Friday, February 27, 2015

The ECB QE thing seems bizarre

The European Bank intends to buy bonds on the open market, they think it increases inflation.  Private investment banks are not selling because they carry high yield bonds, purchased from Euro governments when rates were high.  These are worth too much now that deflation has set in and rates are low.

So who is going to sell the ECB bonds?

Governments, of course, the same governments who own the ECB by the way. One of these governments, Germany is running a surplus and has no need to sell bonds.  The other would love to get bonds at subsidized rates. The ECB intends to sell these to countries based on GDP and population. That ratio is likely to be the same as the ratio by which governments own the ECB, here:

Deutsche Bundesbank (Germany) 17.9973
Banco de España (Spain) 8.8409
Banque de France (France) 14.1792
Banca d'Italia (Italy) 12.3108


So the buyers and sellers sit at the same table, in proportion.

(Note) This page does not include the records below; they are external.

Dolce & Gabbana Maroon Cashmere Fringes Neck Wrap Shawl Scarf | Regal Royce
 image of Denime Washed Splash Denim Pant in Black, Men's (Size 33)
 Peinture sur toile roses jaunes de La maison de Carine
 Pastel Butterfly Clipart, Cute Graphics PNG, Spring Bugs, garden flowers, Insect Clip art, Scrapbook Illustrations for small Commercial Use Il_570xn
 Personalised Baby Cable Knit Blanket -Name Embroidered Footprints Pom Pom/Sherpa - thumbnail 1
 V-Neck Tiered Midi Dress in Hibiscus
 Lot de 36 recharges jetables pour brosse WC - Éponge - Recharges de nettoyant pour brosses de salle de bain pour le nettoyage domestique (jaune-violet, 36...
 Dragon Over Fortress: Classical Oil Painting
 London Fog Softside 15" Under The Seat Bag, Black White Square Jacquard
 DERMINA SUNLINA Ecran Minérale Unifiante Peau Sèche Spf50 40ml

Are they going to just set the rate to zero and take their share of the ink and paper? What a game this is going to be.  Germany will easily agree to let Italy have some of its share, for a rate above zero, since Germany then earns the rate in proportion. The net result being that Germany ends up taking 18% of all the interest rate subsidies, at market rates. These will be long bonds, so Germany's share becomes a savings account, paying something like 2%.  The other governments end up with loan rates at something like .5%, with retained earnings; still a good deal.

What will Spain, France and Italy do with the money? Benefits to pay off the leftist anti-euro parties, which is almost certainly a deflationary investment.